The first convert was Lydia, one of the women who heard Paul’s message. Let’s look at some information concerning Lydia.
- Lydia was a successful businesswoman from the town of Thyatira.
- Thyatira was a city well-known for its purple dye.
- From the context of the passage, it would appear that she was in charge of a branch office of her trade in Philippi.
- This would make Lydia someone who was successful in business.
- Purple goods were expensive and often associated with royalty.
- This would make the business a lucrative one.
- She “worshipped God,” which meant that she was not a full Jewish proselyte, but she did openly worship with the Jews.
- Thyatira contained an extensive Jewish community.
- It is likely that she became a worshipper of God there.
- Similar to the conversion of Cornelius, God responded to her faith and “opened her heart” to receive and understand the Gospel message.
- She was seeking truth.
- Women in Greek and Roman society could achieve an elevated status, unlike Jewish society.
After Lydia and her household were baptized, she persuaded the team to stay at her home.
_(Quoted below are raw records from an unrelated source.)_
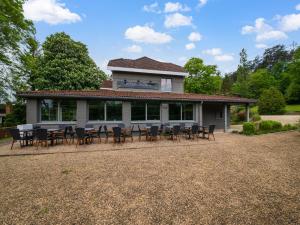 una casa con tavoli e sedie di fronte di Luxurious holiday home on the banks of the Ourthe a Barvaux-sur-Ourthe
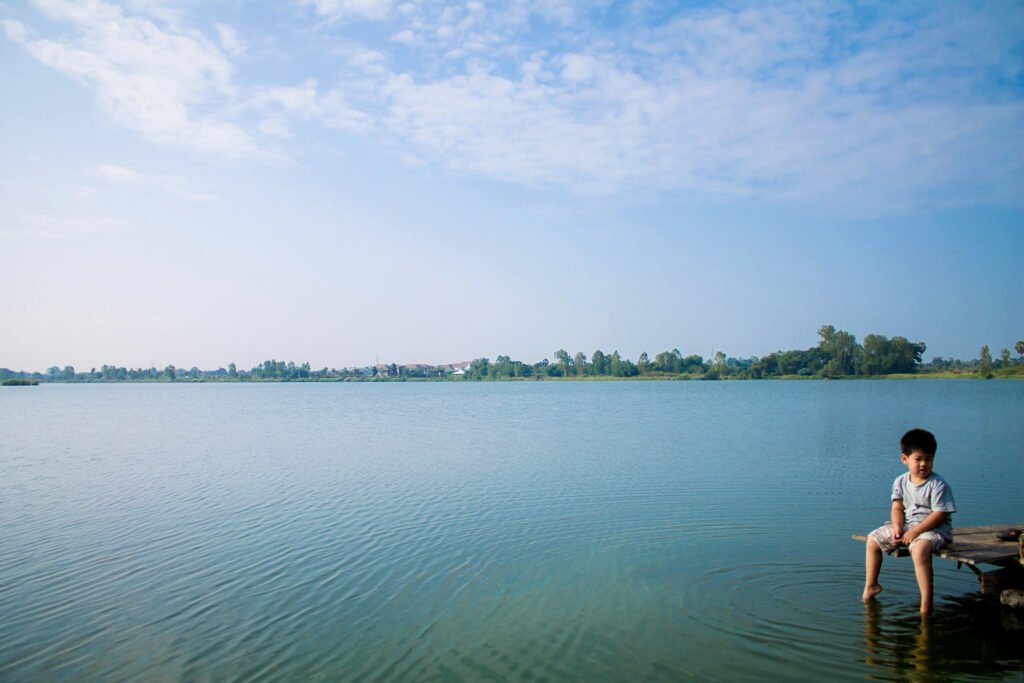 a boy relaxing on water front in a summertime 2025 03 12 21 49 31 utc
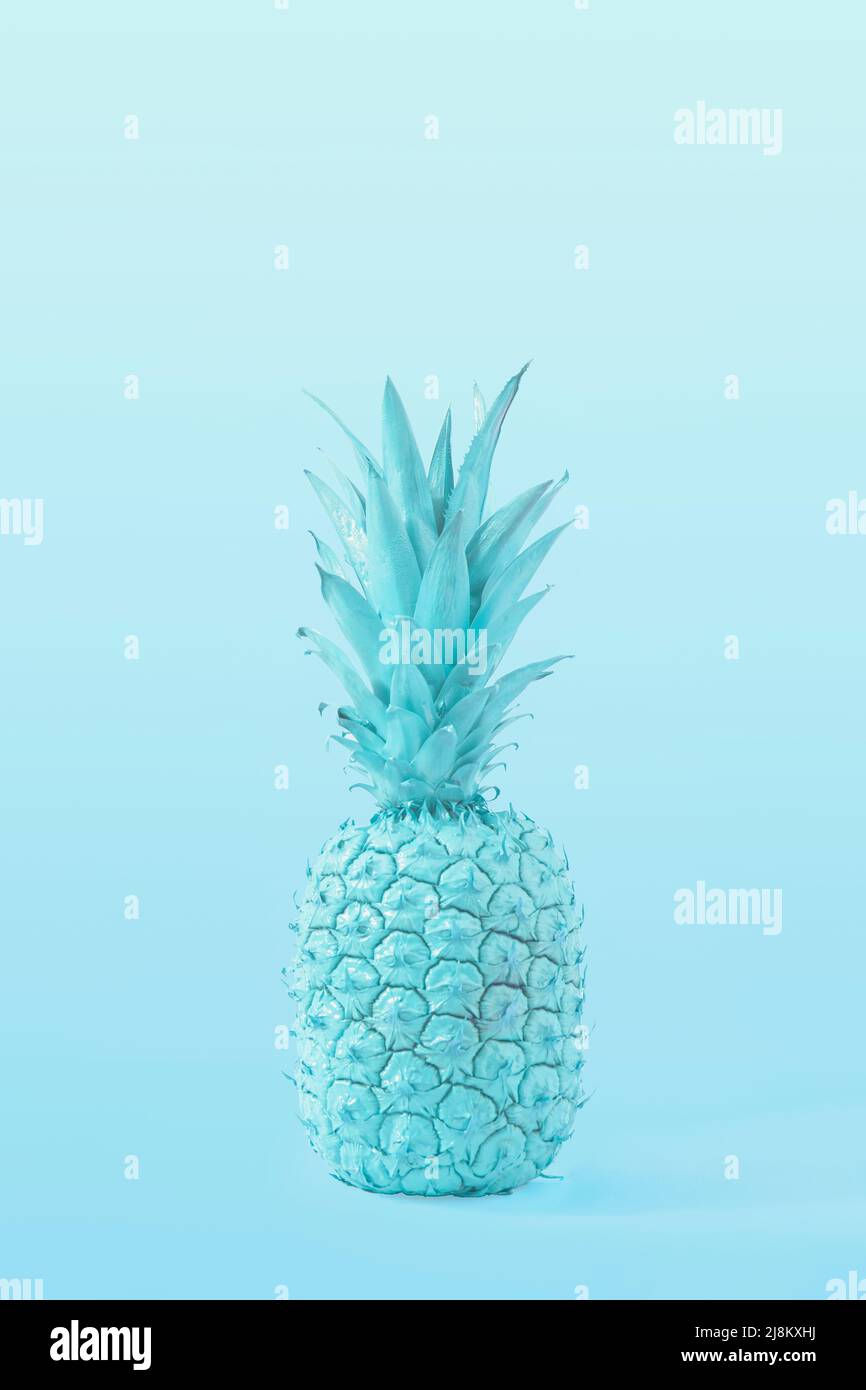 Creative blue Summer tropical fruit concept of pastel tasty pineapple. A refreshing healthy snack. Stock Photo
Let’s consider what the invitation meant.
- The acceptance of her hospitality was a test of whether or not the missionary team really believed she had become a follower of Christ. It was an offer they couldn’t refuse.
- We see later in this chapter, verse 40, that her home became a gathering place for the Philippian Christian community.
- She may very well have been the wealthiest member of the Philippian church.
- She embraced the ideal of the early church, freely sharing her resources with her brothers and sisters in Christ.
- She also shared her faith, which we see in the fact that her household also became believers.
- This is the first time the baptism of a “household” is mentioned in Acts.
- However, we shouldn’t use this event as support for infant baptism.
- Throughout Acts, baptism is based upon individual faith and commitment.
- The phrase “she persuades us” could indicate the team’s hesitancy in staying based on several possible reasons.
- She was a woman.
- She could have been a single woman.
- Maybe some members of the team didn’t want to stay in the house of a Gentile, even a believing Gentile.
- Whatever the reasons were, they were overcome, and the team agreed to stay at Lydia’s house.
Let’s consider a few other facts about the Philippian church and support to Paul’s efforts in general.
- Of all of the churches that Paul established, the Philippian church stood out for its generosity.
- They continued to send support to Paul as his journeys took him to other locations.
- Philippians 4:15-18.
- 2 Corinthians 11:8.
- Women like Lydia were actively engaged in supporting Paul’s ministry efforts.
- The women of Thessalonica – Acts 17:4.
- The women of Berea – Acts 17:12.
- Damaris in Athens – Acts 17:34.
- Priscilla in Corinth – Acts 18:2.
- We must be sensitive and obedient to where the Spirit would lead us and what the Spirit would have us do for the advancement of the Gospel.
- We must be flexible in how we engage the lost. In this lesson, we see that Paul’s standard method of starting at the local synagogue wouldn’t work because there wasn’t a synagogue. Additionally, the initial target audience was a group of women. Both of these were new avenues for Paul to explore.
- Are we like Lydia? Do we extend hospitality to those in need, and do we support efforts to advance the Gospel? All of us have various ways to reach the lost. Although many of us will not travel far in our evangelistic efforts, we can still evangelize those close to us. Additionally, we can support those who are sent to other countries. Often these missionaries make do with much less than we have.